(Required work) Show every line of the data below that includes the word "comando".

(Recorded information)
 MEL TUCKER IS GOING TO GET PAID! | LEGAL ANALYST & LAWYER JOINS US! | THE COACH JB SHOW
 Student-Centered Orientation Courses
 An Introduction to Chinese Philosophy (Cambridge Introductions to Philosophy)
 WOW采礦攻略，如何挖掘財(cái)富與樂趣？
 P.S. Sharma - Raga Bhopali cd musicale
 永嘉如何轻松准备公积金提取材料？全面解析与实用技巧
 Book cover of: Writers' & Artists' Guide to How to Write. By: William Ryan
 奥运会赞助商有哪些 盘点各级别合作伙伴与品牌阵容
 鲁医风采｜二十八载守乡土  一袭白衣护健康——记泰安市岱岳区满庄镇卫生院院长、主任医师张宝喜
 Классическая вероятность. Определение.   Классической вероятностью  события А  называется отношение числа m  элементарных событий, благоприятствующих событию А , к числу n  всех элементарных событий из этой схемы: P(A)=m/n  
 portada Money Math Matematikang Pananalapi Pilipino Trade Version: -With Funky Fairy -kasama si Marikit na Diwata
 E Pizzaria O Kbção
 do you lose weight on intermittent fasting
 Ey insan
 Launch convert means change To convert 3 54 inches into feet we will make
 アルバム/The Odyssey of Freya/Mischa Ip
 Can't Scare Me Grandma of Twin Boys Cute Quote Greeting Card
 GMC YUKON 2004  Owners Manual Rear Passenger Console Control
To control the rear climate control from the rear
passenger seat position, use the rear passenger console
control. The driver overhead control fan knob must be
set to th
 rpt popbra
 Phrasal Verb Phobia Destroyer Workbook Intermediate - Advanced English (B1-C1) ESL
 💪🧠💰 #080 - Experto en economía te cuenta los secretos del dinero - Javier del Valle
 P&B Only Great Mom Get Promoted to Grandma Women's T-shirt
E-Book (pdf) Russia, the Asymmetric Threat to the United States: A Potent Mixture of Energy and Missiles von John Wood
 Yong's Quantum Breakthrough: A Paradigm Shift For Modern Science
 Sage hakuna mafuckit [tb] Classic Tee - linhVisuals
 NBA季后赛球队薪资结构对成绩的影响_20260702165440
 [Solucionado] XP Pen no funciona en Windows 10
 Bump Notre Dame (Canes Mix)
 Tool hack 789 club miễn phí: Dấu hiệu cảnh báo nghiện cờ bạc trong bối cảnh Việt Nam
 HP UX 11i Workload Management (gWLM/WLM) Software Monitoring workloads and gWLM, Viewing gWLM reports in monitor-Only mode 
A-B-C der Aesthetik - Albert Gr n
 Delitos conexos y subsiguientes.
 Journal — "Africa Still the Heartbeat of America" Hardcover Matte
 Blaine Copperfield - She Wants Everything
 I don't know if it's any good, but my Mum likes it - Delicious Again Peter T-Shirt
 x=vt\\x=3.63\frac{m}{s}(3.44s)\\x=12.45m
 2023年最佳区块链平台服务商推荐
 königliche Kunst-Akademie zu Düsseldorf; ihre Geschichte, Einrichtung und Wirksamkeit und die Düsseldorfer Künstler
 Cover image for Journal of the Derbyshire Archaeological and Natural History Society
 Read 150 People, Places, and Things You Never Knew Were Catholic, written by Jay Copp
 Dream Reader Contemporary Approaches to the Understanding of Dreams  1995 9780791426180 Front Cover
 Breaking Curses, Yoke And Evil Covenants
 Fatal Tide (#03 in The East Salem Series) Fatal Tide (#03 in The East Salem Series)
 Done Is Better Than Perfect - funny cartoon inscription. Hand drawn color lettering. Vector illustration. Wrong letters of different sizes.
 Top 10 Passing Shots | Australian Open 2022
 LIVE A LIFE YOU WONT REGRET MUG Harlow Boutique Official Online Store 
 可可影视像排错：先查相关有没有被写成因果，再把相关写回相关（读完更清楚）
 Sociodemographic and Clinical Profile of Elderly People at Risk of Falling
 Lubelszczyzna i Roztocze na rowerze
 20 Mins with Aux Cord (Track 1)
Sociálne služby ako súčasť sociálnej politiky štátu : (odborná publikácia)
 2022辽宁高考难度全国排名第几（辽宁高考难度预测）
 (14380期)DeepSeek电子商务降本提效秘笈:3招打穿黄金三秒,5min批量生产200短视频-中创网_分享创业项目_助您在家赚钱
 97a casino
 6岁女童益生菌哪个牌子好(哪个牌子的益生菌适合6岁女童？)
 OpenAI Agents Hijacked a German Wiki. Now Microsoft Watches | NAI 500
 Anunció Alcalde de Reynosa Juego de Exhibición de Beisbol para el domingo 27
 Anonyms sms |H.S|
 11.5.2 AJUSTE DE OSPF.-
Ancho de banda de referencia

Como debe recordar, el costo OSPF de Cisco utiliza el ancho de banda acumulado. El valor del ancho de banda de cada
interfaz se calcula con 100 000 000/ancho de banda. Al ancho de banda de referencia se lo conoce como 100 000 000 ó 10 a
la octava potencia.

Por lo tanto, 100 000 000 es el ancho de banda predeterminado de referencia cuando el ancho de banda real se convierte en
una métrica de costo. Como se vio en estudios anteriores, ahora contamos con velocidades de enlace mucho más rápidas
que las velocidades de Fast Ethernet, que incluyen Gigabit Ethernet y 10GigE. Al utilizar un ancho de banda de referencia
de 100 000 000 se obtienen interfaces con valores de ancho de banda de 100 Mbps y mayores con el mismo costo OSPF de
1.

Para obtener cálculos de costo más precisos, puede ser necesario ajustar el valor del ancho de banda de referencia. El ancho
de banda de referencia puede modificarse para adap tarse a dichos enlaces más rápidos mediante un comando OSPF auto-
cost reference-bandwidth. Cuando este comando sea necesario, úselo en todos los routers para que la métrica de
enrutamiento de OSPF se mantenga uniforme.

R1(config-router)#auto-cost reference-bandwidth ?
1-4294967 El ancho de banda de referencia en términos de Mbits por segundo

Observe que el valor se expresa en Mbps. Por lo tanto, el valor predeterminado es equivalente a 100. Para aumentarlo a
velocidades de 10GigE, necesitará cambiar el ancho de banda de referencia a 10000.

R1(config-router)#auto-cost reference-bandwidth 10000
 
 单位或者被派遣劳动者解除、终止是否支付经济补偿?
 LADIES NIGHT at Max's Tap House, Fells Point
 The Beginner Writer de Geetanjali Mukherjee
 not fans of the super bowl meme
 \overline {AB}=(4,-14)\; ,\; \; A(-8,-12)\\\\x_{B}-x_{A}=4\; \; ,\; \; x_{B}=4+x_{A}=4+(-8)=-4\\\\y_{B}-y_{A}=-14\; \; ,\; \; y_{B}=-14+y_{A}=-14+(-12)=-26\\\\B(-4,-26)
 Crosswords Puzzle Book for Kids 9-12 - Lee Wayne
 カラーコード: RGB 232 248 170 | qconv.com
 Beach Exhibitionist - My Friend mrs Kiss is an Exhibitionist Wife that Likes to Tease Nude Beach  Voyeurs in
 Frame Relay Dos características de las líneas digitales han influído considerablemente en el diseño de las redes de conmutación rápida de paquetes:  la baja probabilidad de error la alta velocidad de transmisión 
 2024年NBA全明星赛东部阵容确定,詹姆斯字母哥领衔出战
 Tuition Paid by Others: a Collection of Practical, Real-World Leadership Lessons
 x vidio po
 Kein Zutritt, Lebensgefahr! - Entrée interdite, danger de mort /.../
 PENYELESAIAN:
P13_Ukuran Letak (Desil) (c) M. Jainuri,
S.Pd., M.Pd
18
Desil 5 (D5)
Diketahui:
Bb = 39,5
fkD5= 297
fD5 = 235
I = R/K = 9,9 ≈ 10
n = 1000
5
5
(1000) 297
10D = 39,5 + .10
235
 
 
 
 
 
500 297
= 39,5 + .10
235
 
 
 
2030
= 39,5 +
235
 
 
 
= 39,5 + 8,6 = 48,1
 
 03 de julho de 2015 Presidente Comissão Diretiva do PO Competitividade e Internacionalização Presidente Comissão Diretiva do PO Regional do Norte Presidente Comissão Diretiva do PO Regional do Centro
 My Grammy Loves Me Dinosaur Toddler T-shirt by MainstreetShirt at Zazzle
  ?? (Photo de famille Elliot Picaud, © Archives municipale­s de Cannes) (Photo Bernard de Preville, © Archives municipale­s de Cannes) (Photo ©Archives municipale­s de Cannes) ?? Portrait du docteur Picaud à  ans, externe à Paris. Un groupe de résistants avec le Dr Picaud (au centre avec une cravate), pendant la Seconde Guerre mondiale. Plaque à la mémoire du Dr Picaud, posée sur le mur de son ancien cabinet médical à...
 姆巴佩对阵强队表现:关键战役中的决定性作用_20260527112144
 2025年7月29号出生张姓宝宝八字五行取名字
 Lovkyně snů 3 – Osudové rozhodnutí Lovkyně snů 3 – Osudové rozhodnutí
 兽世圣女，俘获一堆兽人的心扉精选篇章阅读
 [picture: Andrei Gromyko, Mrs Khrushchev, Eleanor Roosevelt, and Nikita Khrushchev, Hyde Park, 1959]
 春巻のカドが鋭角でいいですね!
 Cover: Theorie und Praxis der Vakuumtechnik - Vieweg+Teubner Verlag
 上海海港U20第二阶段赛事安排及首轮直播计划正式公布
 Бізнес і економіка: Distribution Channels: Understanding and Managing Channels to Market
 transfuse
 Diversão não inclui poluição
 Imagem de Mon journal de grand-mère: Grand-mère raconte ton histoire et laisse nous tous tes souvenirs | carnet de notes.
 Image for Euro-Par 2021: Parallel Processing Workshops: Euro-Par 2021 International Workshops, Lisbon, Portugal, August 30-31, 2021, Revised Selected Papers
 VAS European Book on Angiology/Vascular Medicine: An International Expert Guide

(Result)
de banda de referencia puede modificarse para adap tarse a dichos enlaces más rápidos mediante un comando OSPF auto-
cost reference-bandwidth. Cuando este comando sea necesario, úselo en todos los routers para que la métrica de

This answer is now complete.